X

A method to assess news automation

13 novembre 2018

(Research note). This unpublished paper summarizes a part of a quantitative qualitative research led in the context of my master thesis in Science and Technologies of Information and Communication at the Université Libre de Bruxelles (2015), which was dedicated to the possibilities and limits of automated news. The proposed method consists in assessments trough metrics and human-based judgments used in the field of computational linguistics (metrics are commonly used in automatic translation). Here, judges were all journalists or writers. A corpus of twenty articles written by a software was first evaluated with the most common metrics used in computational linguistics. The experience then consisted in submitting to the human judges three samples of articles written by their peers and written through an algorithmic process. Without knowing the object of the experience, they were asked to evaluate the texts regarding quality criteriums as they were defined by Clerwall (2014). They were asked then to attribute to each text an author: a human or a software. In two cases out three, they did not recognize that the author was not a human being.
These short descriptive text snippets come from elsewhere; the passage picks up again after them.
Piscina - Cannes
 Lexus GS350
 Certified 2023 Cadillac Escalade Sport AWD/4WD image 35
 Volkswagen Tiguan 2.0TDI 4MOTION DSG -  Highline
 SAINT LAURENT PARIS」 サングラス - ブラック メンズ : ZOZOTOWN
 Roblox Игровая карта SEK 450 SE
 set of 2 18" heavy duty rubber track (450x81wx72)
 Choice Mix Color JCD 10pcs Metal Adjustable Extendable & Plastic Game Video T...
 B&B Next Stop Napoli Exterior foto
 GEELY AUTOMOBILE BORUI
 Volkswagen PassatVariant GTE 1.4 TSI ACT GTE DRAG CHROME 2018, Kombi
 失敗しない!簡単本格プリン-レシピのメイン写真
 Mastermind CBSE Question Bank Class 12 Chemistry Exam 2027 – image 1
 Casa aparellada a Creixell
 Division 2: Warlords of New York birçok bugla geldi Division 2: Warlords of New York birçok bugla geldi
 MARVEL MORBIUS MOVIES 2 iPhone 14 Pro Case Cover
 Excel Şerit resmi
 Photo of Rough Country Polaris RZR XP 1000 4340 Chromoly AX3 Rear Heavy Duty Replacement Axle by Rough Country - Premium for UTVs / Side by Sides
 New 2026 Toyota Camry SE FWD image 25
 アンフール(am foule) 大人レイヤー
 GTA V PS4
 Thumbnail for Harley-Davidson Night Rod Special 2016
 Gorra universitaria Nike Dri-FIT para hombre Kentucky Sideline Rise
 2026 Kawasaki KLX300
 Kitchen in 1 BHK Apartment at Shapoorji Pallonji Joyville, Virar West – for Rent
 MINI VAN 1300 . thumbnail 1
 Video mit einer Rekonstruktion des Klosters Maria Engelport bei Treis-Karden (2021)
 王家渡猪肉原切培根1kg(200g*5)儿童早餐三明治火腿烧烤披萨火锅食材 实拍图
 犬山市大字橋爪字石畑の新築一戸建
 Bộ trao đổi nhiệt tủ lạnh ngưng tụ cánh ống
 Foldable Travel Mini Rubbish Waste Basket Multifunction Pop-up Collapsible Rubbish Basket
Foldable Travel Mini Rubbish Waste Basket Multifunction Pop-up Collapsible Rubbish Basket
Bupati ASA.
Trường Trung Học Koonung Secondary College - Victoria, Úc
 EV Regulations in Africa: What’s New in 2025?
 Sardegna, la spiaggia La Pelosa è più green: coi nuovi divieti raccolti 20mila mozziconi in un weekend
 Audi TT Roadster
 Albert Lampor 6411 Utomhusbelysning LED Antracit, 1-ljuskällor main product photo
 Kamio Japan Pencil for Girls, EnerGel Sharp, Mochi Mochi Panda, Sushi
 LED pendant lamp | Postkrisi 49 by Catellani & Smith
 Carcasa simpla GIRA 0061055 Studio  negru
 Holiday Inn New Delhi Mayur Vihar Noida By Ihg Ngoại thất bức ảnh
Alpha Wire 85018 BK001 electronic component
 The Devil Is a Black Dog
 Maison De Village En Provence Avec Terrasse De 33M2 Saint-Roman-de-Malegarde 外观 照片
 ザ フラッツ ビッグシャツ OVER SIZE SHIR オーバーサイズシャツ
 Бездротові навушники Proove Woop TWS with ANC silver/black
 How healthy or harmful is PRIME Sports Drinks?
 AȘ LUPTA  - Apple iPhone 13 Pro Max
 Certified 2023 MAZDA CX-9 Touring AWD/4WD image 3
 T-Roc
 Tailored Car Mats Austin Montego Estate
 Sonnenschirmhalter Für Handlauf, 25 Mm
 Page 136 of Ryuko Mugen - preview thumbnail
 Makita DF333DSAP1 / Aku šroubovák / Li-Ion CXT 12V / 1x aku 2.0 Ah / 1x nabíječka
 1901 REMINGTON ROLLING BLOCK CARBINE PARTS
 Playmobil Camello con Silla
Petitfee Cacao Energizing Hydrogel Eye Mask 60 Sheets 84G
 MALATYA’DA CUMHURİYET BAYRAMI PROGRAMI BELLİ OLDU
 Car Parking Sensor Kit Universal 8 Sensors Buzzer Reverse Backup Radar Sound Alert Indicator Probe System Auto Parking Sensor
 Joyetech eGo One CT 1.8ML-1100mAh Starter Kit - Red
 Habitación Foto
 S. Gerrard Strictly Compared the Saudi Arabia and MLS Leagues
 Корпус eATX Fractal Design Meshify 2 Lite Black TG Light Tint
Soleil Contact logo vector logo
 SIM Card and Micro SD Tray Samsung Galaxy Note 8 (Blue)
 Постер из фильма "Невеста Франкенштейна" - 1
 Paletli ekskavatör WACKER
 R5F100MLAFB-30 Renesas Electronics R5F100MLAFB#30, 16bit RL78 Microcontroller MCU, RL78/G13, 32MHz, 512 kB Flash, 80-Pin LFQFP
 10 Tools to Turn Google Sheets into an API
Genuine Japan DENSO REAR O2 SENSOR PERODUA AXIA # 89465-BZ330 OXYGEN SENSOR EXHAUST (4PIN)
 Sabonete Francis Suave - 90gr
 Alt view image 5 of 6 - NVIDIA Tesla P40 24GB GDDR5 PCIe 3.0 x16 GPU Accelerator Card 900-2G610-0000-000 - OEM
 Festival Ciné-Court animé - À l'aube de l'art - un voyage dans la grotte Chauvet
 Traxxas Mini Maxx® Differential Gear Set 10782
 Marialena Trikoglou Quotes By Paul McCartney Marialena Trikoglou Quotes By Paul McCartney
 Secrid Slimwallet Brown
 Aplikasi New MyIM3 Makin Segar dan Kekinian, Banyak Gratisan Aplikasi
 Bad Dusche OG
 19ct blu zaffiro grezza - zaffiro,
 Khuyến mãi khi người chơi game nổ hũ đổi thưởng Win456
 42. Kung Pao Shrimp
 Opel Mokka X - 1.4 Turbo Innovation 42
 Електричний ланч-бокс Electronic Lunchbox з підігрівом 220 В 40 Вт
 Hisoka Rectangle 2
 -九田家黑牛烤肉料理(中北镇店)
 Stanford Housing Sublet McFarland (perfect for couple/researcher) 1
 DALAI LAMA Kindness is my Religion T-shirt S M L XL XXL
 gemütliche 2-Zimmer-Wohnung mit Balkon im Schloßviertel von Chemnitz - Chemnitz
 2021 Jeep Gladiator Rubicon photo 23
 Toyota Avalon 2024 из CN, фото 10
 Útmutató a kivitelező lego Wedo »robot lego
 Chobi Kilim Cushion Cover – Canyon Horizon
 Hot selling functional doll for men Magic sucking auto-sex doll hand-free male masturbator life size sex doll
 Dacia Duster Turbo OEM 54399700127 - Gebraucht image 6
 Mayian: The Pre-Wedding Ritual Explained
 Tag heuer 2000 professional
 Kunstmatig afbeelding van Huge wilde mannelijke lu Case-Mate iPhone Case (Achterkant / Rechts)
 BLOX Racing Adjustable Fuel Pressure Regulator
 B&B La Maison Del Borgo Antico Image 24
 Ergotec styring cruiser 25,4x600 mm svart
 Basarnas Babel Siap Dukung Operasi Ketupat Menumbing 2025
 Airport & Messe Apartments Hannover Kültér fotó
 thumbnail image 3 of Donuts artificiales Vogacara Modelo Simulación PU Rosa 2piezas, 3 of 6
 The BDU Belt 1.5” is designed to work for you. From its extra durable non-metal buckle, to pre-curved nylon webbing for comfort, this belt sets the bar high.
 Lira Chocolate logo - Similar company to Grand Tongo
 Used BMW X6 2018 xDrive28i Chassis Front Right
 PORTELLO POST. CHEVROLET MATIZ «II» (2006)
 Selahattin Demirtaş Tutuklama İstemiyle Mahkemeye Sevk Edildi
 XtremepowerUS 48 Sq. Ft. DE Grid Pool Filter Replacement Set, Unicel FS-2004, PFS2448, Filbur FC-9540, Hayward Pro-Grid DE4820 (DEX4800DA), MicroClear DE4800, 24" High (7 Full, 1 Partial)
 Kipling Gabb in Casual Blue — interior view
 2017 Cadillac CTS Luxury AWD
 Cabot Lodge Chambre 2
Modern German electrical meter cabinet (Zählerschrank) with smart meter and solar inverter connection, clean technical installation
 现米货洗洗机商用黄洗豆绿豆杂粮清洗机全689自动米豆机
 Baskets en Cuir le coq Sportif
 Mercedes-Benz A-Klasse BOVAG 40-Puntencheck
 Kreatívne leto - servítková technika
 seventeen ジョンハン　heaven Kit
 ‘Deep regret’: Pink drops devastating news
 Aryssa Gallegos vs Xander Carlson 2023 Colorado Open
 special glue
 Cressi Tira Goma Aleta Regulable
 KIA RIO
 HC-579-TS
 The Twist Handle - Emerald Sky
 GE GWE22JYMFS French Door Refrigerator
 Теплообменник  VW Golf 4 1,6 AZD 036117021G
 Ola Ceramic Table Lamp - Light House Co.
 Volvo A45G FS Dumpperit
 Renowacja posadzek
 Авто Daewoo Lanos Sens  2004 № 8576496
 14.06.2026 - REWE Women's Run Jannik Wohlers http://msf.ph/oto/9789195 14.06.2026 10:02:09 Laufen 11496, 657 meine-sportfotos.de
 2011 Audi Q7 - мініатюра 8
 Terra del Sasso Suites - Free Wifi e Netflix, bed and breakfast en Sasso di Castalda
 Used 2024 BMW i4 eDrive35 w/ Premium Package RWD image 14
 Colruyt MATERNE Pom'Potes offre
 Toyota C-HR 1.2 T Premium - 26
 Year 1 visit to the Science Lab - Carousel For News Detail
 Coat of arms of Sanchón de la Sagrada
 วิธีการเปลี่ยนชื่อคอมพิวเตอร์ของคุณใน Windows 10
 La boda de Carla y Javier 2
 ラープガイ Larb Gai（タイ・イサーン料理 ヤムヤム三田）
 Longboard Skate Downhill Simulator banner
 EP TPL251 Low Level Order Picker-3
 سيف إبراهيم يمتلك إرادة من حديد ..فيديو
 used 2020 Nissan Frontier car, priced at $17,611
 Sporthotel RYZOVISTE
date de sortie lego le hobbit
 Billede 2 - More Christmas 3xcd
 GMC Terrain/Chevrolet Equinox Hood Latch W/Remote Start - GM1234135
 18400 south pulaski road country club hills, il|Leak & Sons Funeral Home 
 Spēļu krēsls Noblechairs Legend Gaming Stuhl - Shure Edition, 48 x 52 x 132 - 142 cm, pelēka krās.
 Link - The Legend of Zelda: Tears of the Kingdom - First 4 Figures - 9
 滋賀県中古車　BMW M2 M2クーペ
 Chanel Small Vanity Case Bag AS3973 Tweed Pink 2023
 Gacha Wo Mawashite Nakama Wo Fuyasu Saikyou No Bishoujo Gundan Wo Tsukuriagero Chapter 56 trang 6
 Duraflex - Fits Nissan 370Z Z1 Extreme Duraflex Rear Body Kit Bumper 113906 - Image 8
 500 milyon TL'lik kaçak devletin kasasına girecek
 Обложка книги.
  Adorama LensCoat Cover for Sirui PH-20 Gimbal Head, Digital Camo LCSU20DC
ASIA tools were used for the metrics assessments. Since then, I have developed my own tools which encompass several readability scores, iBLEU score and Levenshtein distance: https://ohmybox.info//linguistics/  This method is also used in the context of my PhD thesis but it was refined in order to fit to its purpose which is about the uses of news automation as a tool for journalists within their investigative or daily routines.

Metrics can lead to excellent results, if they are correlated by a human evaluation (preferably from unilingual subjects for better results). But they are the subject of controversies so far as they are not able to assess significant linguistic features, such as the structure of the language.